Leitsatz
Unterhaltsansprüche minderjähriger Kinder werden unter verheirateten Eheleuten durch einen Ehepartner im eigenen Namen geltend gemacht. Wird das Kind während des Unterhaltsverfahrens volljährig, so entscheidet es nun selbst über dessen Fortgang.
Sachverhalt
Dies hat der BGH in einer Grundsatzentscheidung unter Änderung seiner bisherigen Rechtsprechung entschieden. Die Mutter der unterhaltsberechtigten Tochter hatte im Rahmen der Scheidung Unterhaltsansprüche des minderjährigen Kindes gegenüber dem getrennt lebenden und später geschiedenen Ehemann geltend gemacht. Dieser ist seit Ende 2009 arbeitslos und bezieht Leistungen nach dem Sozialgesetzbuch II. Mangels Leistungsfähigkeit des Unterhaltsverpflichteten hat das OLG die Unterhaltsklage abgewiesen.
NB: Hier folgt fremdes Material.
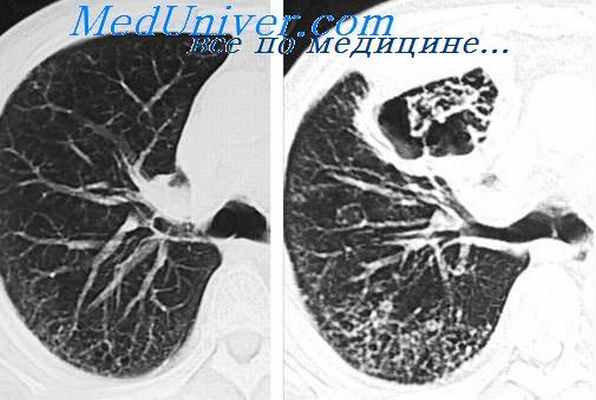 бронхоскопия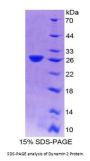 Human Dynamin 2 (DNM2) Protein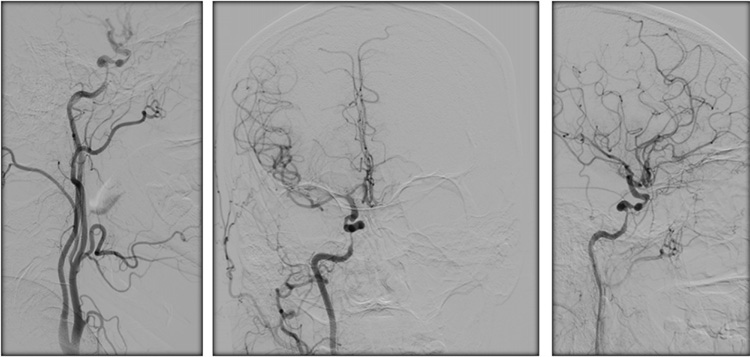 Sequential asymptomatic intracranial atherosclerosis (ICAD)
Mit der Revision verfolgte die Mutter die Unterhaltsansprüche weiter. Während des Verfahrens wurde die Unterhaltsberechtigte volljährig. Mit Zustimmung der Mutter ist sie daraufhin als Antragstellerin in das Verfahren eingetreten.
Nach § 1629 Abs. 3 BGB sind Unterhaltsansprüche eines Kindes unter miteinander verheirateten Eltern während des Getrenntlebens bzw. der Anhängigkeit einer Ehesache gegenüber dem anderen Elternteil im eigenen Namen des den Unterhalt beanspruchenden Elternteils geltend zu machen. Hierdurch soll vermieden werden, dass minderjährige Kinder in die Streitigkeiten der Eltern einbezogen werden. Der BGH hatte mehrfach darüber zu entscheiden, wie sich der Eintritt der Volljährigkeit des Kindes auf diese Verfahrensstandschaft auswirkt. Bisher hatte der BGH in diesen Fällen einen gesetzlichen Parteiwechsel angenommen, das heißt, nach bisheriger Rechtsprechung trat der volljährige Unterhaltsberechtigte automatisch kraft Gesetzes in ein laufendes Unterhaltsverfahren als Partei ein (BGH, Urteil v. 23.2.1983, IV b ZR 359/81).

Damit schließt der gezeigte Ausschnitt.